Problem description :: Return the full listing character for character, without its pictures.

Supplied information ::
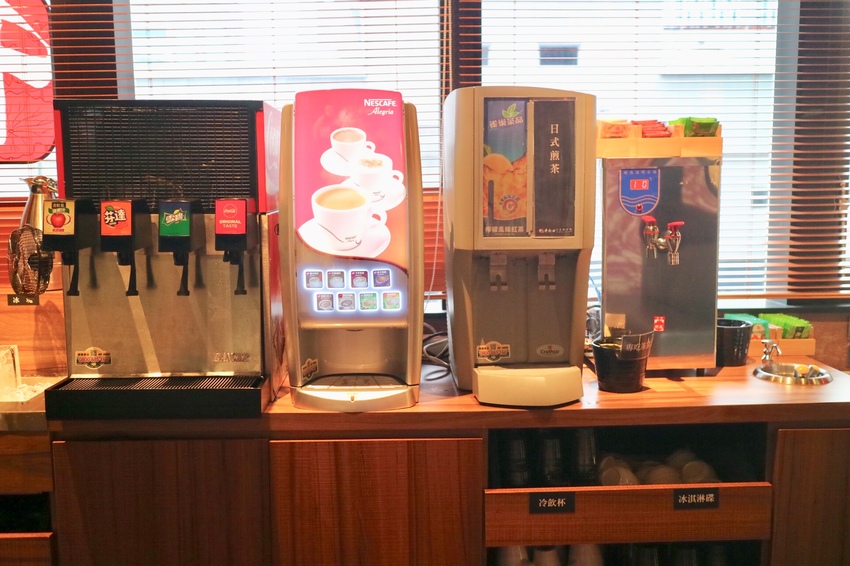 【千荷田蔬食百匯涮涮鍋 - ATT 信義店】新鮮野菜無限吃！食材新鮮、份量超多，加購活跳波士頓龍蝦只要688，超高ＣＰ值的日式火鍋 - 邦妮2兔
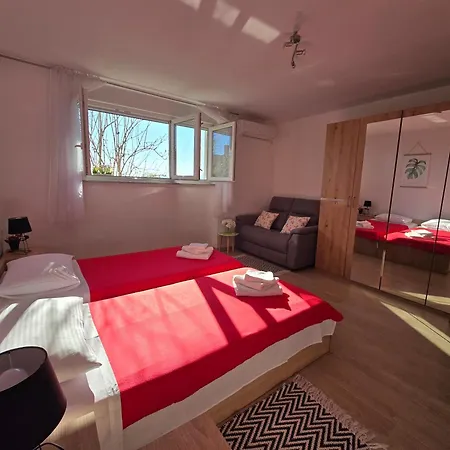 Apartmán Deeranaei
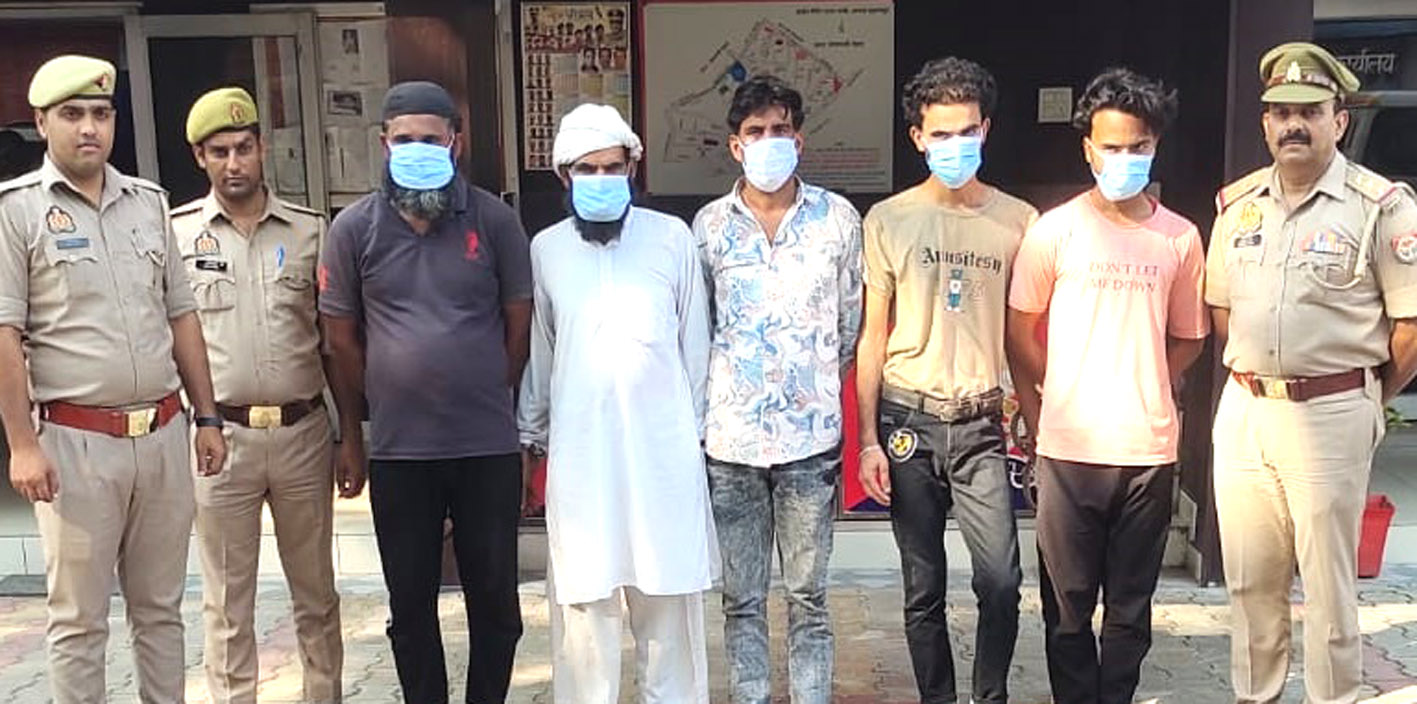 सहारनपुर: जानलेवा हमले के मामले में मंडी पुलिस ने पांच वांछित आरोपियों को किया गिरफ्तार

Completed exercise ::
 【千荷田蔬食百匯涮涮鍋 - ATT 信義店】新鮮野菜無限吃！食材新鮮、份量超多，加購活跳波士頓龍蝦只要688，超高ＣＰ值的日式火鍋 - 邦妮2兔
 Apartmán Deeranaei
 सहारनपुर: जानलेवा हमले के मामले में मंडी पुलिस ने पांच वांछित आरोपियों को किया गिरफ्तार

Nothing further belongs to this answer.